At the 2017 IAA motor show in Frankfurt, Federal-Mogul Powertrain plans to reveal advances aimed at cooling the valves of downsized boosted engines via significant heat transfer. For exhaust valve head alloys, every 20°C reduction in temperature negates the need for an upgrade to the next, more expensive alloy specification.
Gian Maria Olivetti, Chief Technology Officer, explained at the company’s Burscheid facility north-east of Cologne: “The extreme valve temperatures experienced on today’s highly boosted downsized engines can lead to reduced valve fatigue life and critical valve guide and stem seal temperatures, resulting in the need for expensive valve steel alloys. If late ignition timing is used to reduce knock and enrichment is protecting components from critical temperatures, CO2 emissions are increased."
He said reducing the valve head temperatures helps to eliminate these issues. The company has developed new production-ready solutions for valve seats and guides, designed to deliver improved thermal conductivity suitable for series production.

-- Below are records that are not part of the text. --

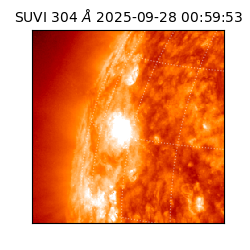 suvi - 2025-09-28T00:59:53.667000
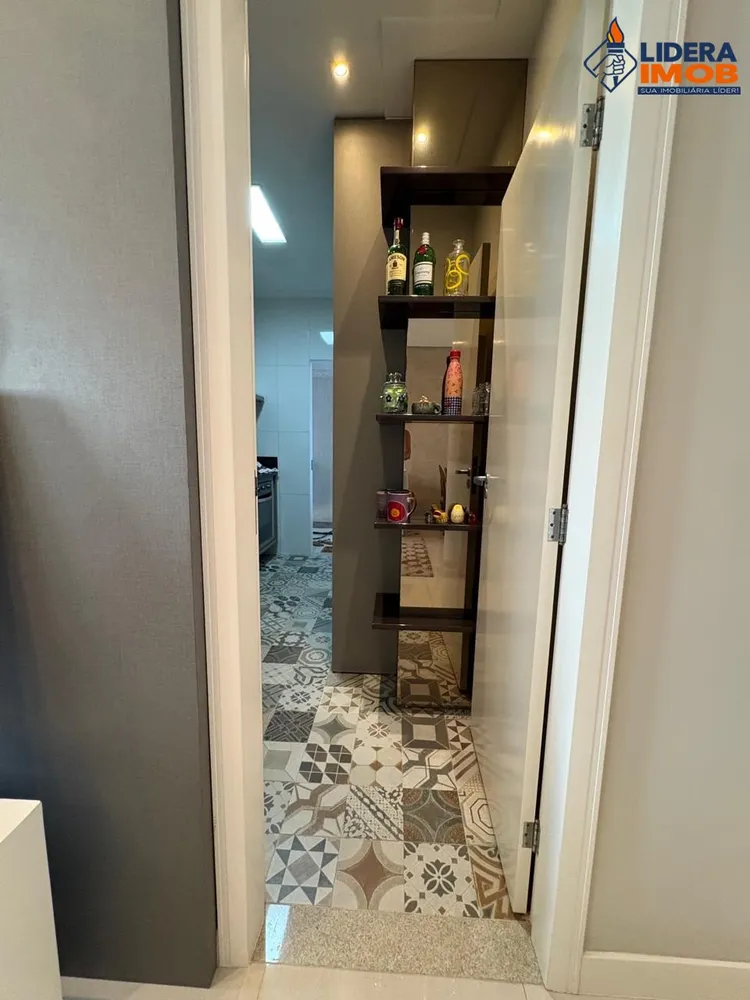 Casa, 3 quartos, 205 m² - Foto 1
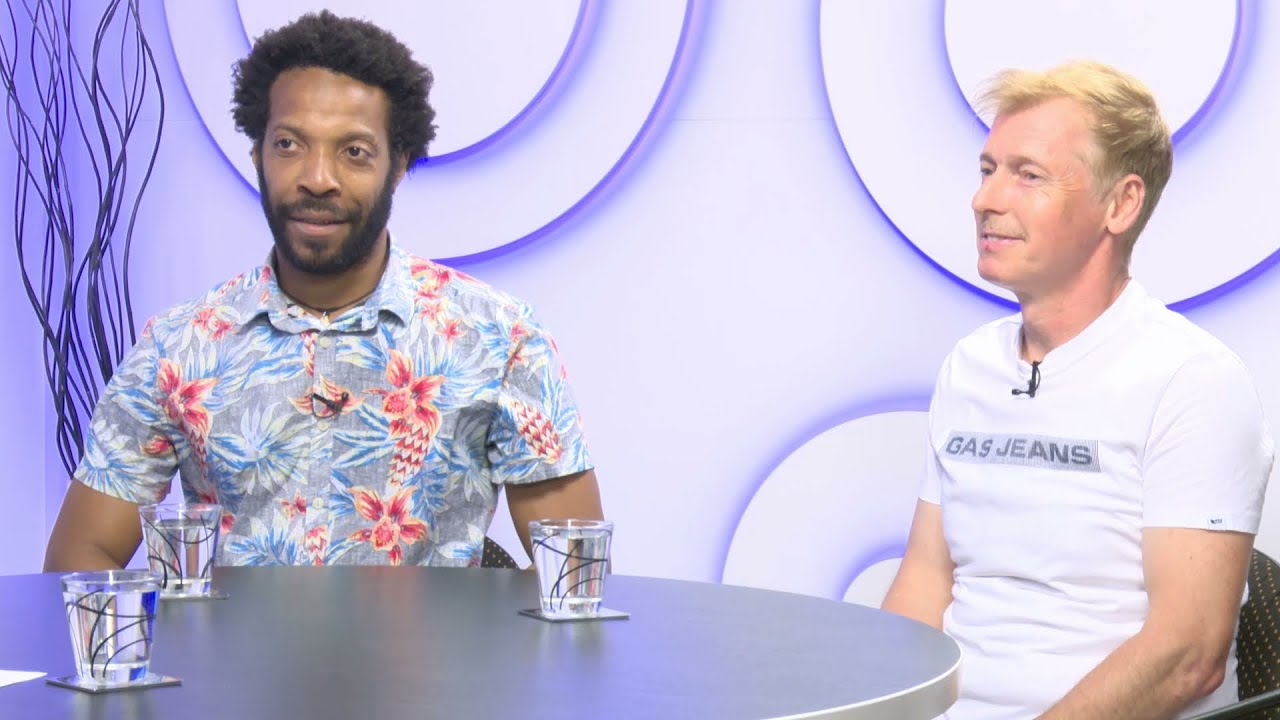 A Ceglédi Táncsics Mihály Általános Iskola kéttannyelvű oktatásáról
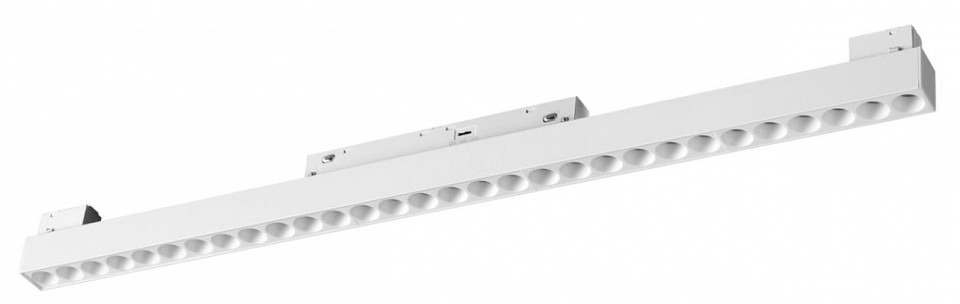 Фото Накладной светильник Novotech SHINO 359624 NV_359624 - интернет-магазин МегаТерем в Москве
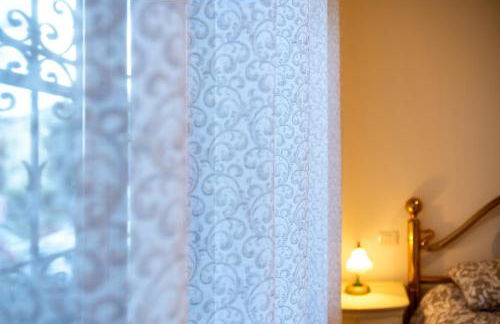 Casa degli Affreschi Tuscany - Foto 24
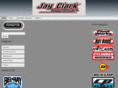 jayclarkent.com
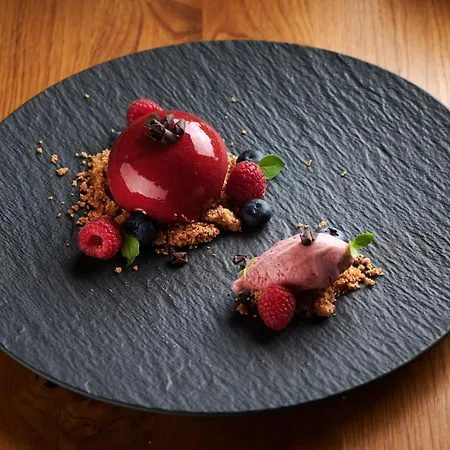 Hisa Ancka, Boutique & Maja 4* Slovenj Gradec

They are HTC (High Thermal Conductivity) materials and TIM (Thermal Interface Material) coating to reduce valve head temperatures by up to 70°C, allowing improved combustion and lower emissions. HTC can also contribute to obtaining a more even circumferential temperature distribution on the valve seat insert and surrounding cylinder head material. By doing so, local hot spots can be avoided, so reducing wear reduction and temperature-related distortion.
Olivetti detailed the advances made by Federal-Mogul, stating that the seat insert is the primary heat path from the valve head into the cylinder head cooling jacket: “By conducting more heat away from the valve head, the new seat materials reduce the temperature in the hottest part of the combustion chamber and lower the gas temperature at the end of the compression stroke.”

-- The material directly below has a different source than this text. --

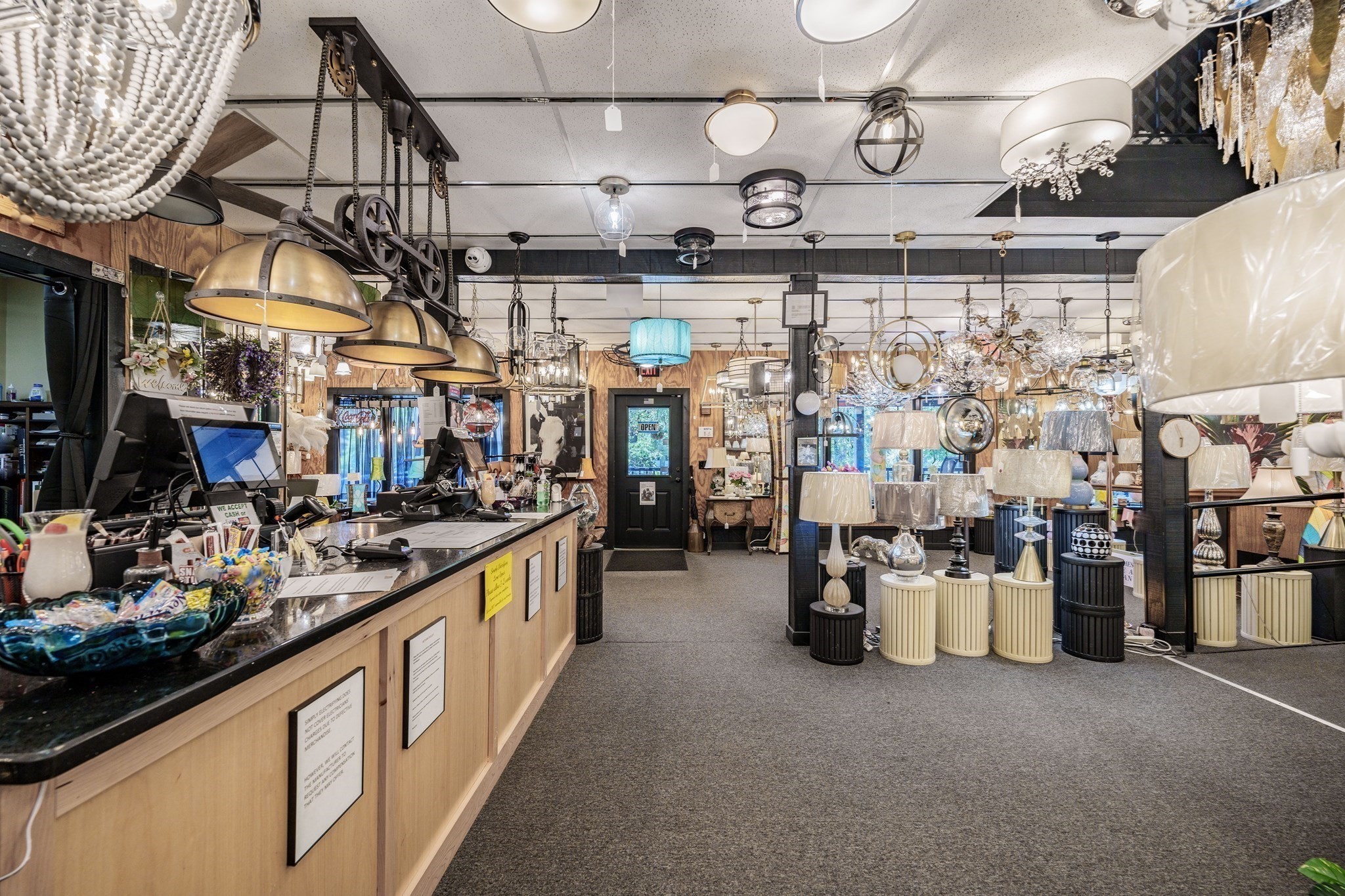 2511 Boston Road, Wilbraham, MA 01095 - Image 16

This improves knock resistance and facilitates a wider range of ignition advance to enable optimization of combustion. A bonus is that the materials also contribute to CO2 emissions reduction by eliminating the need for fuel enrichment for cooling.
As the valve guide is the main heat path from the valve stem to the cylinder head, by conducting more heat away from the stem, the new valve guide material has been developed to reduce local temperatures below the critical thresholds at which the valve stem seals and lubricating oil begin to break down.

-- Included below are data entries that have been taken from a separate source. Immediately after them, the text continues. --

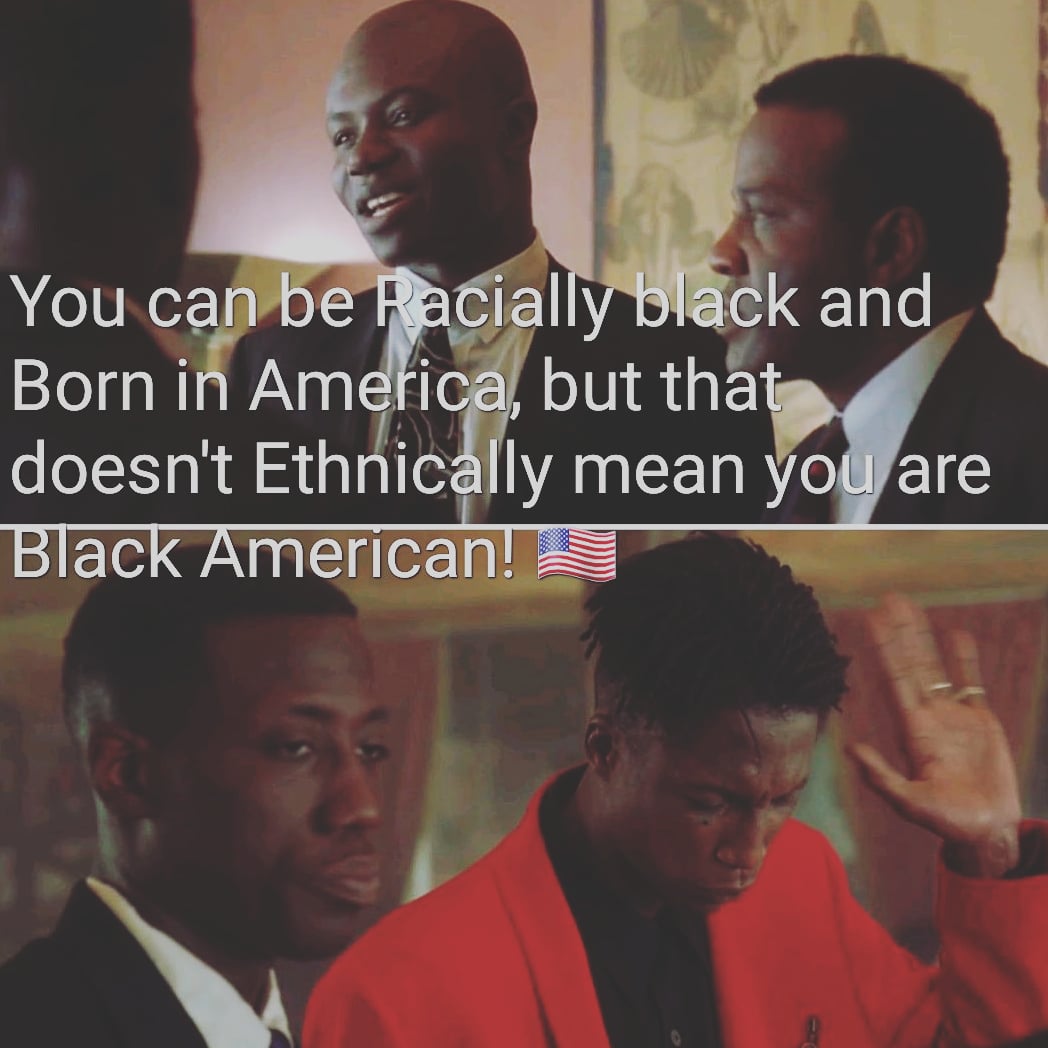 Ricco Richardson🇺🇲 🟥🌟🟦 tweet media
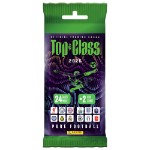 FIFA - TC - Top Class Soccer 2025 Fat Pack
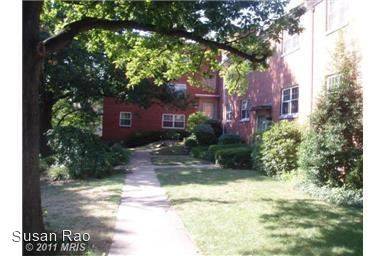 Main picture of 5216 8th Rd S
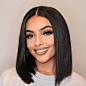 bob_stw_wig_2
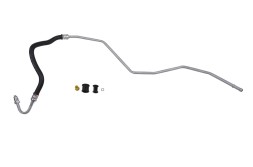 Sunsong AM-03264/5 Volkswagen Routan 4.0 V6 2009-2010 Шланг повернення гідропідсилювача керма
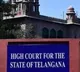 ts high court asks cyberabada police have pre planned arrangements in bust the farm house deal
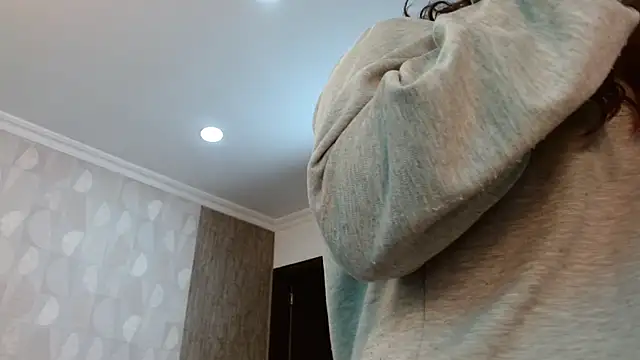 elamurray online show from 21, 11, 2025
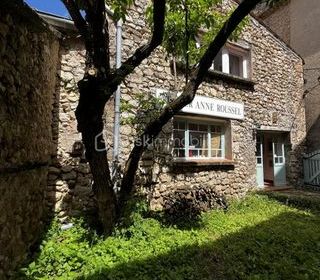  Maison � vendre 4 pi�ces 100 m�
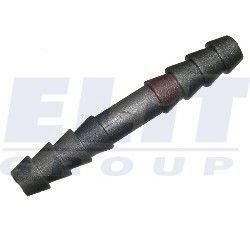 Зажим бампера ELIT R B25401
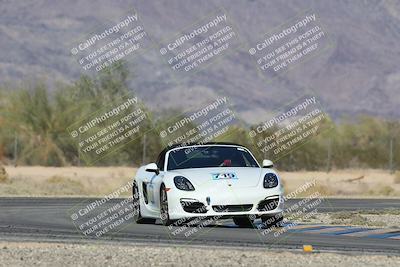 media/Oct-18-2025-PCA San Diego (Sat) [[653db1c827]]/4-Yellow/Session 4 (Turn 6)/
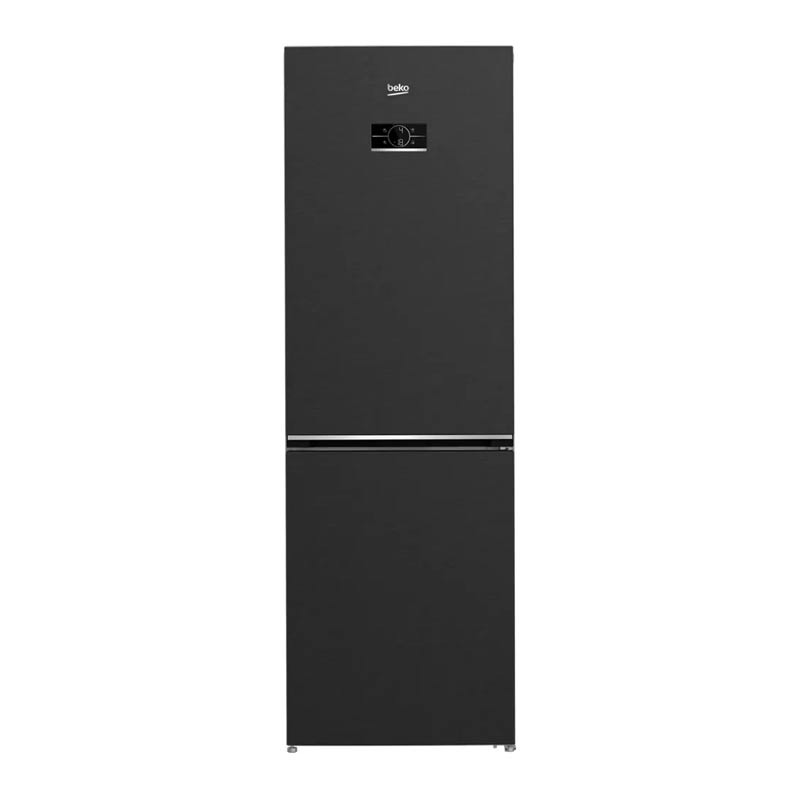 Холодитльник Beko B5RCNK363ZXBR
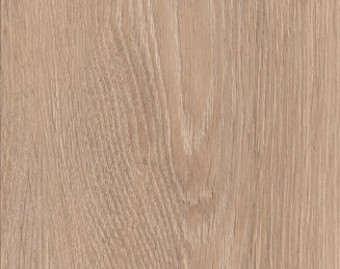 [200111130_48] Creation 55 - 1278 Charming Oak Beige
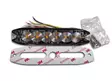Xmission tasovilkku 6-LED - Lisävalot - SAN016 - 2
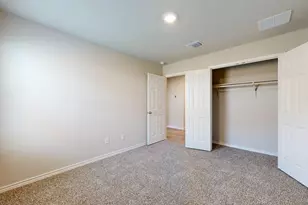 [Address not provided], Burnet, TX 78611 - Photo 20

At Burscheid, tests involving “highly rated turbocharged gasoline engines” using a combination of HTC and TIM technologies are stated by Federal-Mogul to have reduced peak inlet valve head temperatures by between 26ºC and 32°C. The improvement in exhaust valve head temperatures was even greater; on a solid valve the peak was reduced by up to 70°C and on a hollow, sodium-filled valve, by up to 67°C.
The test results have been used to correlate predictions from the company’s advanced thermal simulation programs, allowing future applications to be accurately assessed and optimum materials selected, at the concept stage of a new engine’s creation.